---- Exercise input

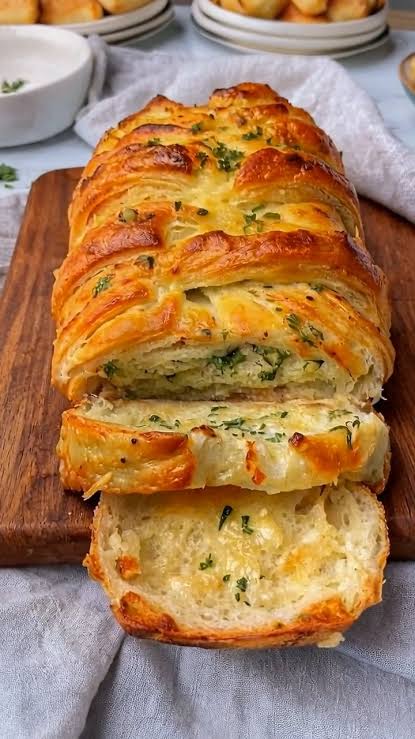 Sourdough Discard Garlic Pull Apart Bread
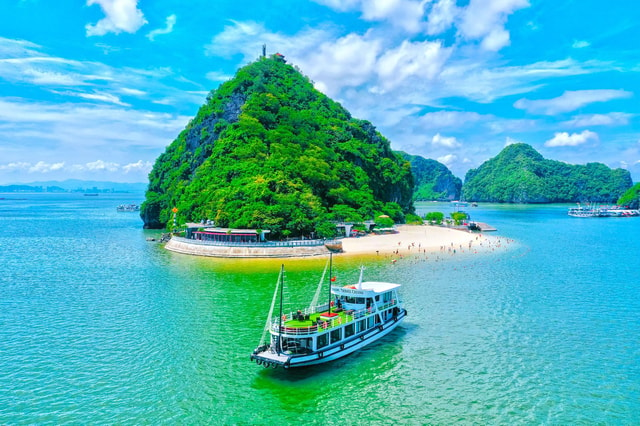 From Hanoi; Halong day trip, Route 2, 6hours, Small group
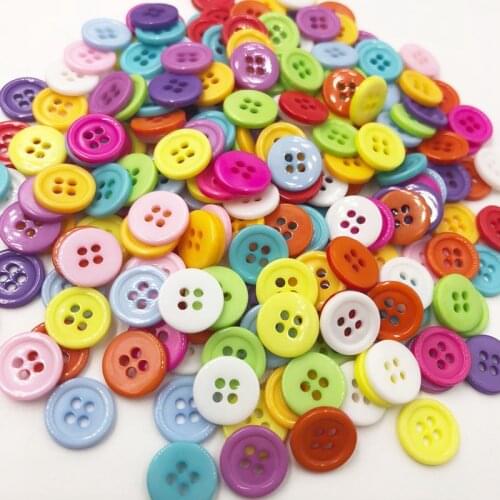 50pcs New 15mm 4 holes Plastic Button / Sewing lots Mix PT52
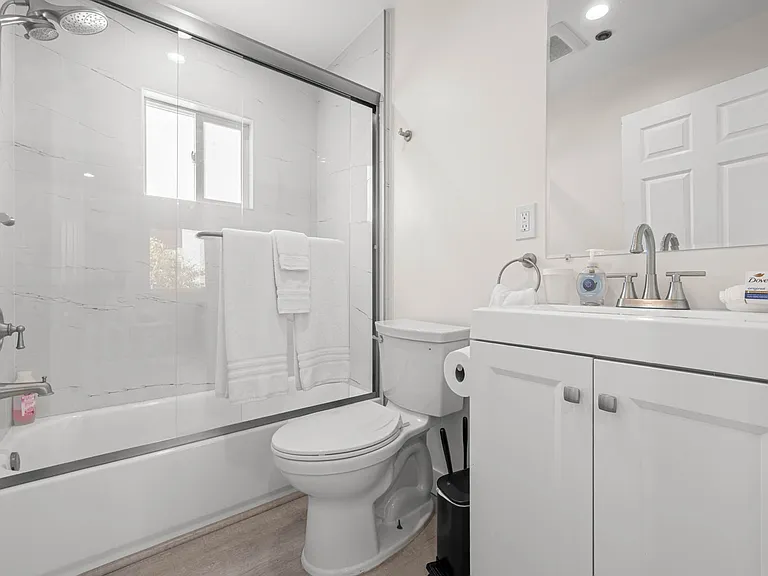 2239 N Niagara St #103 — Photo 8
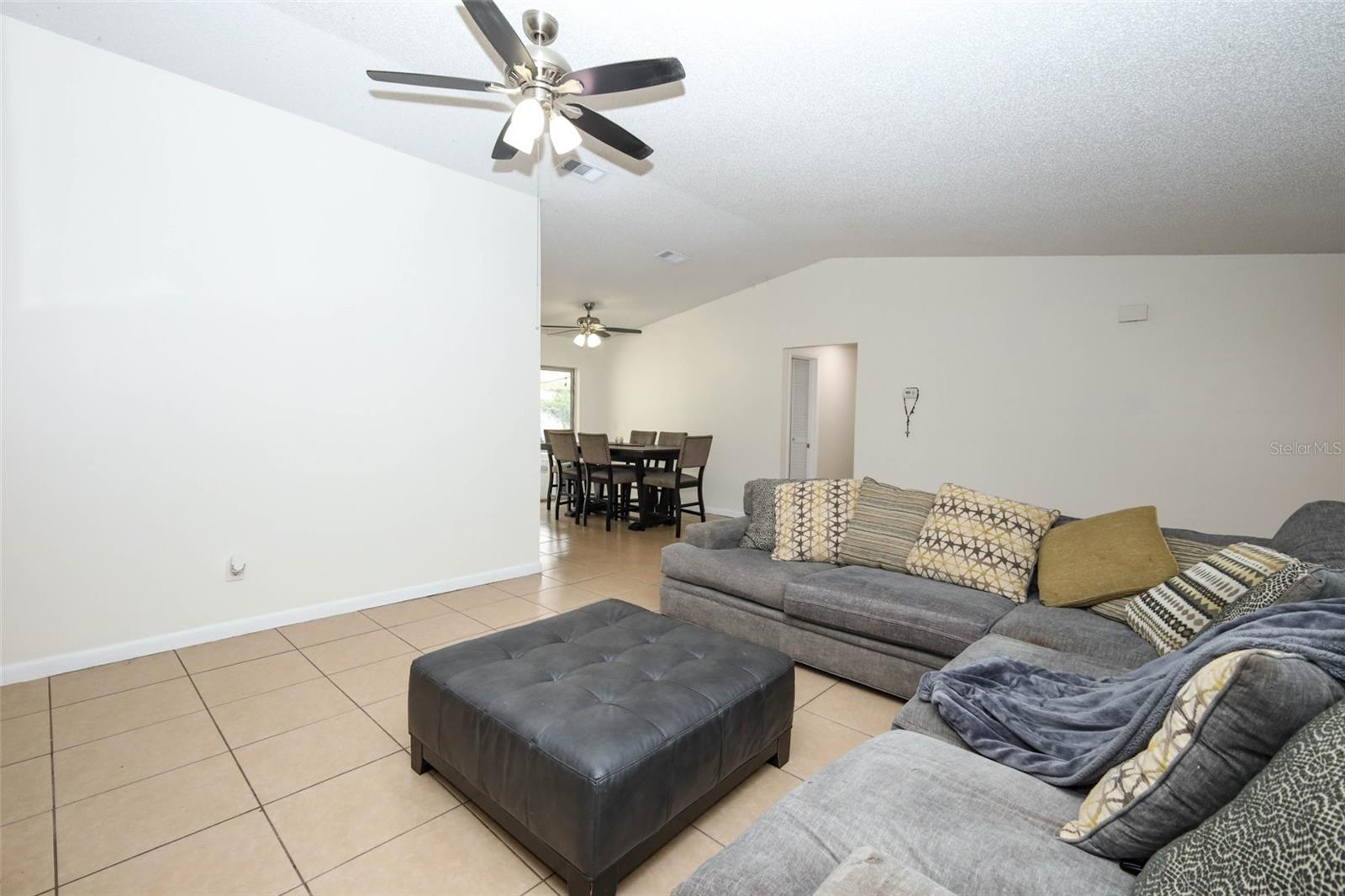 1064 E NORMANDY BLVD, DELTONA, FL, 32725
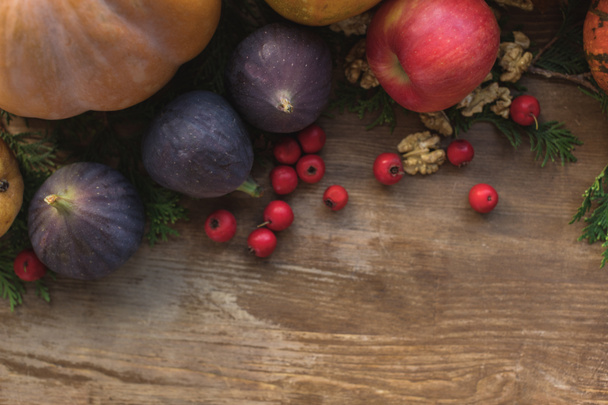 pompoenen en vruchten op tafel - Foto, afbeelding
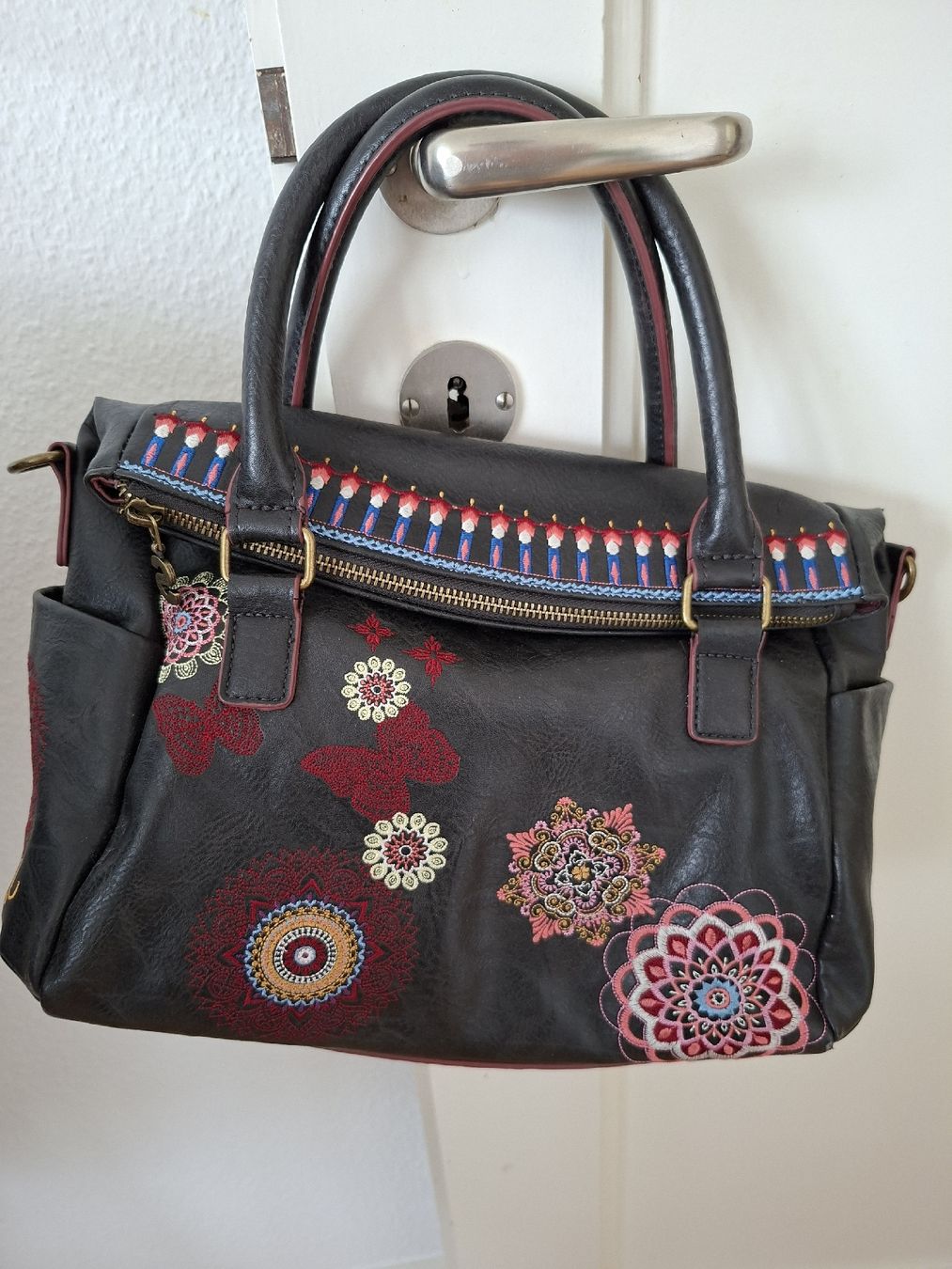 Desigual Borse da donna: Sac à main Desigual original, – Usato da Renens VD venduto da ser_j2fn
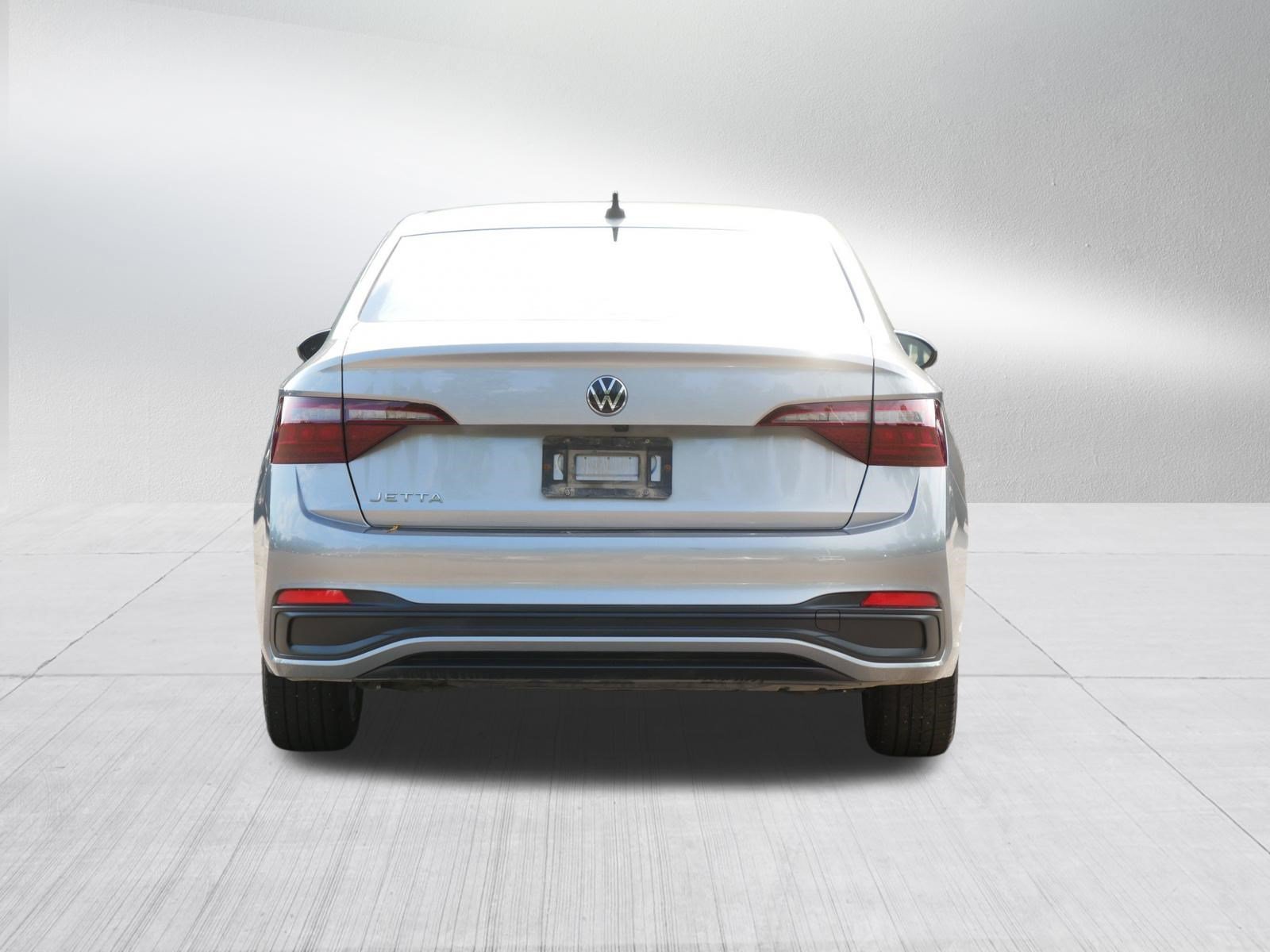 Used 2022 Pyrite Silver Metallic Volkswagen Sport image 6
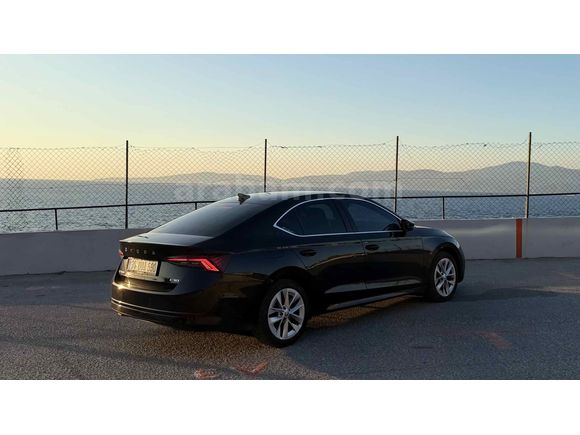 Sahibinden Skoda Octavia 1.5 e-Tec Premium 2021 Model 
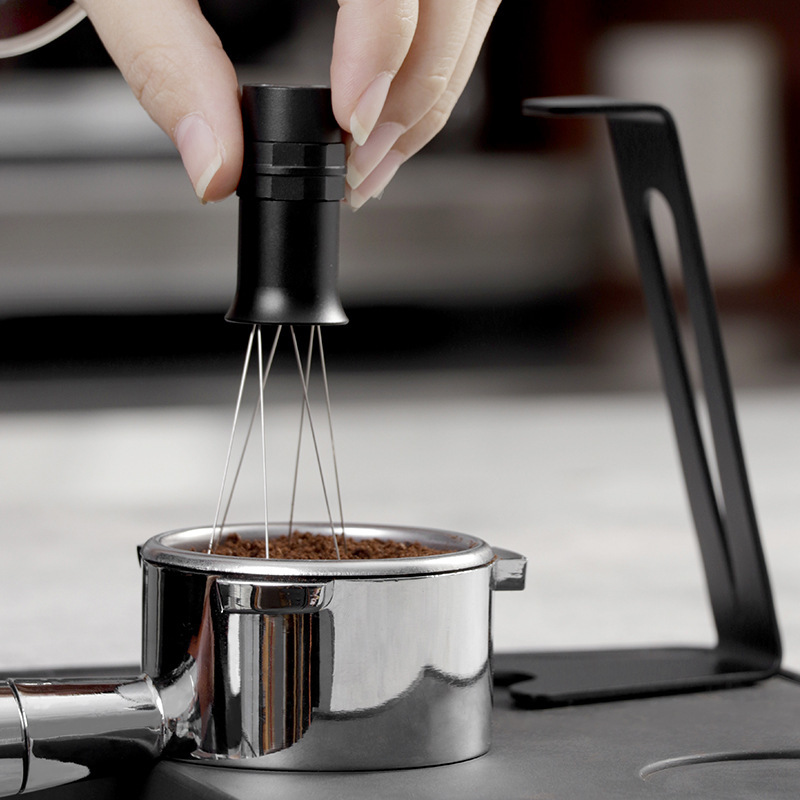 Coffee cloth powder needle cloth powder device coffee powder mixing agglomerate scattering device needle type magnetic absorption type diffusible powder needle
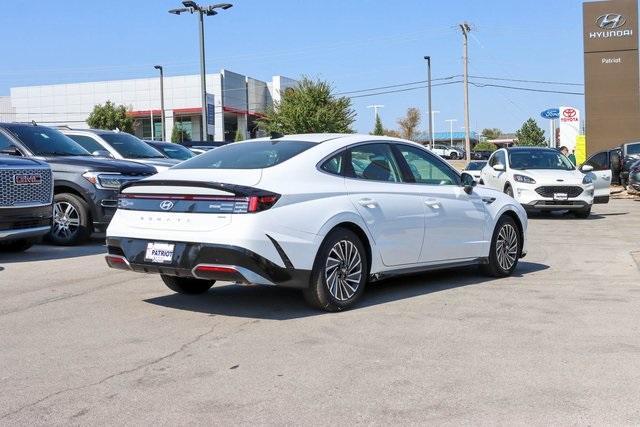 new 2024 Hyundai Sonata Hybrid car, priced at $31,465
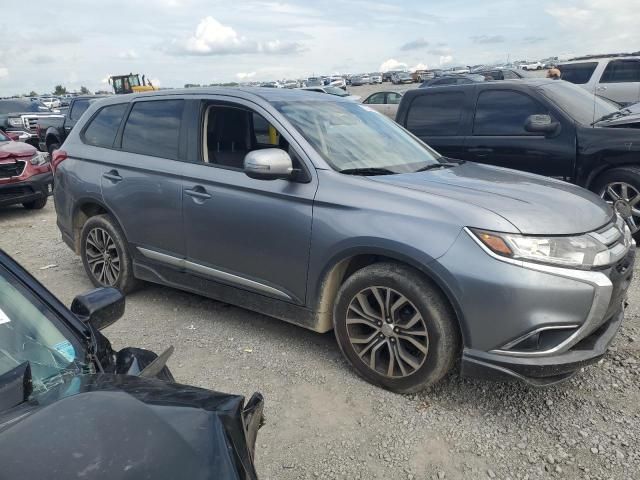 2016 Mitsubishi Outlander SE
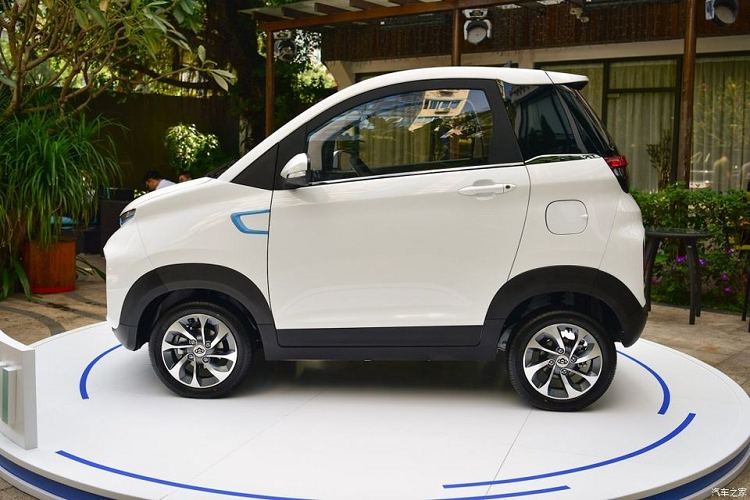 Oshan là thương hiệu con mới được thành lập chưa lâu của hãng xe Trường An (Changan Auto) tại Trung Quốc. Thế nhưng, trong thời gian qua, thương hiệu này đã liên tục tung ra những mẫu xe mới. Một trong số đó có mẫu xe điện "tí hon" mang tên Neo II. Oshan Neo II 2020 mới sở hữu chiều dài 2.770 mm, rộng 1.545 mm, cao 1.690 mm và chiều dài cơ sở 1.680 mm. Do đó, bên trong mẫu xe điện này chỉ có 2 chỗ ngồi.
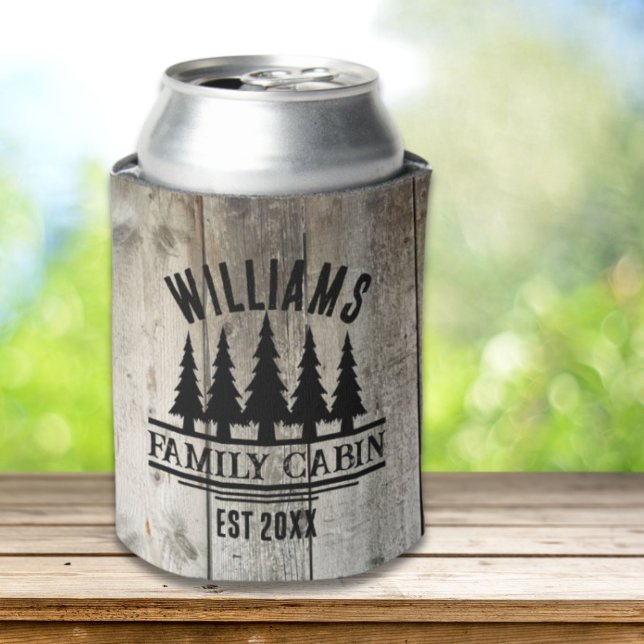 Rafraîchisseur Pour Canette Forêt rustique Cabine familial personnalisé Nom Es (Rustic Forest Personalized Family Cabin Name Est Can Cooler)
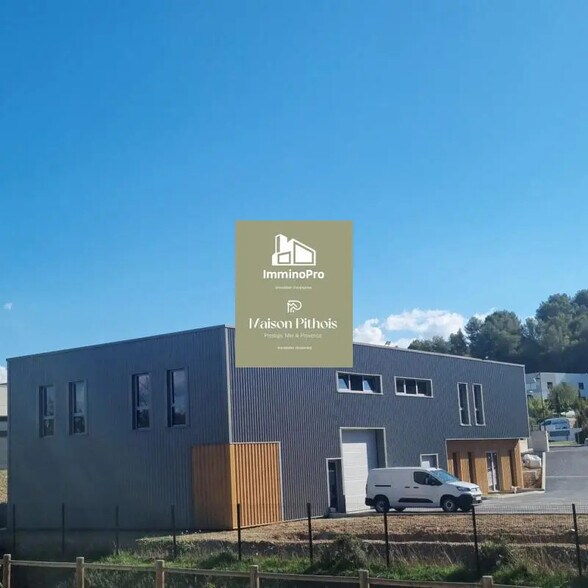 Local d’activités dans Saint-Estève-Janson à louer - Photo de l’immeuble – Image 2 sur 3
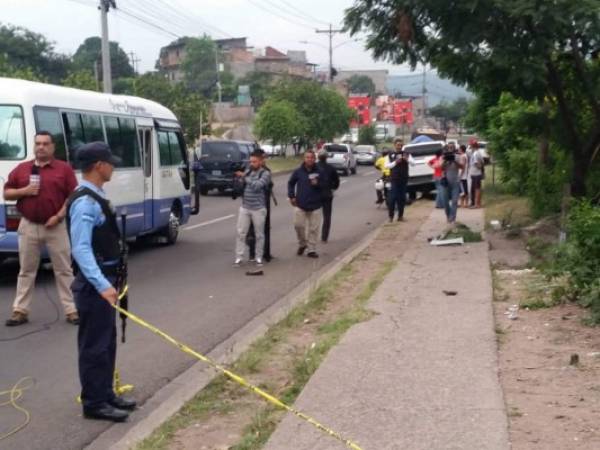 La pareja fue embestida en el anillo periférico de la capital de Honduras.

--------

- _Work to complete_:
Could the lines from the first entry through the line that contains "Used 2022 Pyrite" be copied exactly, with all pictures left out?

- _Your response_:
 Sourdough Discard Garlic Pull Apart Bread
 From Hanoi; Halong day trip, Route 2, 6hours, Small group
 50pcs New 15mm 4 holes Plastic Button / Sewing lots Mix PT52
 2239 N Niagara St #103 — Photo 8
 1064 E NORMANDY BLVD, DELTONA, FL, 32725
 pompoenen en vruchten op tafel - Foto, afbeelding
 Desigual Borse da donna: Sac à main Desigual original, – Usato da Renens VD venduto da ser_j2fn
 Used 2022 Pyrite Silver Metallic Volkswagen Sport image 6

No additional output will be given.